DENVER — A Denver Public Schools investigation into the use of a “seclusion room” at McAuliffe International School found employees, including former principal Kurt Dennis, violated district policy by placing students in at least two rooms without proper supervision and either locked the doors or held them shut to prevent them from leaving.
The findings from the district’s internal investigation, made public during a news conference Thursday, come four weeks after three DPS board members revealed the district would be investigating what whistleblowers called an “incarceration room” at the school, where students of color were allegedly locked from the inside by themselves during the 2022-2023 school year.
The allegations, first brought to the attention of the district at the beginning of the month, came about a month after Dennis was fired by the district for allegedly sharing confidential student information in violation of state and federal laws. Dennis has claimed he was fired after coming forward back in March to criticize the district over safety concerns at the school, particularly daily pat downs of some students – the same protocol that led up to the shooting at East High School earlier this year that left two deans injured and ended with the death of a student hours later.
“Everything the whistleblower(s) alleged Mr. Dennis of doing to these students has been corroborated,” said DPS Board Vice President Auon’tai Anderson during Thursday’s news conference, adding the district has since learned of an additional room at McAuliffe (Room 115) that was also used for seclusion purposes.
The allegations from the whistleblowers, which the district made public on Aug. 7, came from a group of staff members at McAuliffe, who claimed students of color “were quite literally dragged through the school screaming down the hallway” and locked inside Room 121E from the outside, with locks also placed on the windows of the room to prevent students from leaving.
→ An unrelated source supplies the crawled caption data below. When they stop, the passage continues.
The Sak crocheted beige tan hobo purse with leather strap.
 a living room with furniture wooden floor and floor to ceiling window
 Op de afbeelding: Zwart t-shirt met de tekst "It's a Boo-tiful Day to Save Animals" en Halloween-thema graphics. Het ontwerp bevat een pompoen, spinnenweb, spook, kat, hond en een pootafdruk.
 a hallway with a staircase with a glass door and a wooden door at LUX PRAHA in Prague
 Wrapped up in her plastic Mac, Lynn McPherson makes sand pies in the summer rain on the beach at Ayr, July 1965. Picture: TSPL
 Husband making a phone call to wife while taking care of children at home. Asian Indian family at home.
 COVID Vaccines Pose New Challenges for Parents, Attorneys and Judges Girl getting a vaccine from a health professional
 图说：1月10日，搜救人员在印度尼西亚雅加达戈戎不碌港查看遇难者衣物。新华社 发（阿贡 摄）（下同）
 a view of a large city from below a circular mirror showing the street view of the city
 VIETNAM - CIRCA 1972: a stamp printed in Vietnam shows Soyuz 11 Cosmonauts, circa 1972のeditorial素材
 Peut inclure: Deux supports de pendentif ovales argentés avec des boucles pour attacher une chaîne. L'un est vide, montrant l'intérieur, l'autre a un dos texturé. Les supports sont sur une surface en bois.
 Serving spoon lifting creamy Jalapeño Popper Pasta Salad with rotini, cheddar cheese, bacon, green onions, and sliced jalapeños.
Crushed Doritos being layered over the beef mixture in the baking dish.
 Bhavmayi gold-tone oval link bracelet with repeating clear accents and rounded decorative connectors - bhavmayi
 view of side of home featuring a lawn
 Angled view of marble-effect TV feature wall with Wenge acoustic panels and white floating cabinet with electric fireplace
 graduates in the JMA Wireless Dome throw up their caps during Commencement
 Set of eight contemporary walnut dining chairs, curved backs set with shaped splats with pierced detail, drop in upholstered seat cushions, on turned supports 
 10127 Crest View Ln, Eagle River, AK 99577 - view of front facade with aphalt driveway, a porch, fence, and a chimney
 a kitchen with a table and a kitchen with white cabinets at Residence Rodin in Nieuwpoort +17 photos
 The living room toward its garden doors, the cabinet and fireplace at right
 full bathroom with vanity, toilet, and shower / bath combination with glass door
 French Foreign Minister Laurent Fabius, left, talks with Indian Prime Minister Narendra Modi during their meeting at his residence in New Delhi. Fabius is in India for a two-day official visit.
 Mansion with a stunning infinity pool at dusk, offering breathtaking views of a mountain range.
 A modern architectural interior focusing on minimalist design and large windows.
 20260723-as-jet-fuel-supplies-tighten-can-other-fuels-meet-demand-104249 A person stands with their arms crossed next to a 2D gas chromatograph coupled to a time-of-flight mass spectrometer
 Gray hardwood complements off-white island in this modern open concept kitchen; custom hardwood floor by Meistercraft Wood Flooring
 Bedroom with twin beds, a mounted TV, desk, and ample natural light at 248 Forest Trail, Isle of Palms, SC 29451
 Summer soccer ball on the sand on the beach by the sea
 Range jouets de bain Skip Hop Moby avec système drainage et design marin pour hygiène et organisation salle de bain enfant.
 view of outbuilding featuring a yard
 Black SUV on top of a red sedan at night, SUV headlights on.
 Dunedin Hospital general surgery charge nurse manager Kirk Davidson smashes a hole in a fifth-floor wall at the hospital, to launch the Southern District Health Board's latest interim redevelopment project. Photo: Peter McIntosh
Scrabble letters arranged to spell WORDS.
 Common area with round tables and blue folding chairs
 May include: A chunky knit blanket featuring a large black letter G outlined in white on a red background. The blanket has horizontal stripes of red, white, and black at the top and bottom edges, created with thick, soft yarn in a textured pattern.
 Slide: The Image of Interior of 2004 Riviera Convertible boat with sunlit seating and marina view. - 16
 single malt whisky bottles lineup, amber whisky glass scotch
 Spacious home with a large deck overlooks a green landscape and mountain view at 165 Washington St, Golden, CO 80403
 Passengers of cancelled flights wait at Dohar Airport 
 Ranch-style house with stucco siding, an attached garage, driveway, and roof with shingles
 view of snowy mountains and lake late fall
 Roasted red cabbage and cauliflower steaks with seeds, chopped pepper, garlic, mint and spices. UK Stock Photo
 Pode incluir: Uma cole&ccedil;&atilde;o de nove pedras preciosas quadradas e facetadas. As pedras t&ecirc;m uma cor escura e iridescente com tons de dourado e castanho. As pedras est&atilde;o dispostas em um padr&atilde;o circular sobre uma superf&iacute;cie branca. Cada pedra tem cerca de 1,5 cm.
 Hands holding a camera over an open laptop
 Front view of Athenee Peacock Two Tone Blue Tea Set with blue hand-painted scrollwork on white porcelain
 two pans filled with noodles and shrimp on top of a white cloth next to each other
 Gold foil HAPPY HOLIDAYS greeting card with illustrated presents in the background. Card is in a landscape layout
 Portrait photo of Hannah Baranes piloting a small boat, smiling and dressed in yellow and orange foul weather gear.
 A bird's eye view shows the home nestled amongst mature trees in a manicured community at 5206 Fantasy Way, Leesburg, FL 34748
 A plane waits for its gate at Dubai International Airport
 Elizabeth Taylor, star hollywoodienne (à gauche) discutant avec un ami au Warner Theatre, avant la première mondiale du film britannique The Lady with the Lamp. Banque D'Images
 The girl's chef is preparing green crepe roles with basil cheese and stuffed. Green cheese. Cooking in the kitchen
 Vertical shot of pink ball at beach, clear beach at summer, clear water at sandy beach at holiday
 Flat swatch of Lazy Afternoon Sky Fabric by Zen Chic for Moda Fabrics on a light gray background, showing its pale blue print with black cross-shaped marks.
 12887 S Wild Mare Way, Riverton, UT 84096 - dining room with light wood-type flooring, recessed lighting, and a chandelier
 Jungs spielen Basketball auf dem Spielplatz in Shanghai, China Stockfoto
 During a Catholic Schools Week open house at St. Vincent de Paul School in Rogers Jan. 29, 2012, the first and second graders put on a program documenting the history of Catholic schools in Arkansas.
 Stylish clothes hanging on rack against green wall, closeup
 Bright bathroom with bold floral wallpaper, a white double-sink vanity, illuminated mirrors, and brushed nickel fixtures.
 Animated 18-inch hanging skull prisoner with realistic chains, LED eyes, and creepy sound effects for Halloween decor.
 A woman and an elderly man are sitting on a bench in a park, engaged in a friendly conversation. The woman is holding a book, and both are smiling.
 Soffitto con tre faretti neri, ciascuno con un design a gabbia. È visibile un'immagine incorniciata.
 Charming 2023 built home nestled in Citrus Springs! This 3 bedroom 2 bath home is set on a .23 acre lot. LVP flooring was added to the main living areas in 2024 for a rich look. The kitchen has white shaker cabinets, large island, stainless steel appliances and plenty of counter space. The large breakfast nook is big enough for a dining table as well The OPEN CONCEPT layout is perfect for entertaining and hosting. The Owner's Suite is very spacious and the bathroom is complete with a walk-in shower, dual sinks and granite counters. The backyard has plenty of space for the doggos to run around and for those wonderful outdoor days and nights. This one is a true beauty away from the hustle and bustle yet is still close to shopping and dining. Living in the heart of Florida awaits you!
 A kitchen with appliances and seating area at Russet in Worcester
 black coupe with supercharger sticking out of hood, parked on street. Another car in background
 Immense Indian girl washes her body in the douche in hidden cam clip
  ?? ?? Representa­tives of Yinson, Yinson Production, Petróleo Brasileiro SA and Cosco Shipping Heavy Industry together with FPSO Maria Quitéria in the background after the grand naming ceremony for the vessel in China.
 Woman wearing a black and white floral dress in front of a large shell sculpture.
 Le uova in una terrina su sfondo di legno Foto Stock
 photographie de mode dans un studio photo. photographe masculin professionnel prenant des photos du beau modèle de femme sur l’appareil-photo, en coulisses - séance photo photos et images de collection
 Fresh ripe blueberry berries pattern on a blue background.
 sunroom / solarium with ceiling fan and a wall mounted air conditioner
The use of these rooms for seclusion purposes — which violate district policy — started on or around Nov. 18, 2022, and continued through the end of the academic year, according to a summary of the investigation’s findings provided by Anderson.
DPS votes in support of district’s firing of former McAuliffe School principal
The district’s investigation found Dennis either used – or directed staff to use – these two rooms to put students there without proper supervision and once inside, either locked the door or held them shut so that students would be prevented from leaving.
It also found that Dennis either used – or directed staff to use – these rooms “despite being aware that at least one of the rooms, which was damaged during the course of the school year, was not safe or appropriate for this purpose.”
It did not, however, find sufficient evidence to say that Dennis placed students in the rooms because of their race, color or national origin.
Our Denver news partners reached out to Dennis and his attorney for comment but have yet to hear back.
The former principal, who is now suing the district in response to his firing, has defended his actions, telling The Denver Post in early August that both the room and the method in which students were disciplined was “district-sanctioned.” His attorney has also previously said Dennis didn’t violate any DPS policies and called the room “a much more humane approach than having a student arrested.”
Dennis previously told the Post only two students — a Black child and a white child — were placed in the room, but the district’s internal investigation found at least four children – three of whom spoke to investigators – were placed in the rooms. All were students of color, per the summary of the findings.
In all, 24 witnesses were interviewed during the investigation, with Dennis himself being provided with “multiple opportunities” to participate in the investigation, but who ultimately declined to do so, according to Anderson.
The allegations into the use of the rooms for seclusion purposes have also led to three separate investigations involving the Denver Police Department, the Colorado Department of Education, and the Denver chapter of the NAACP.
Those investigations are still ongoing.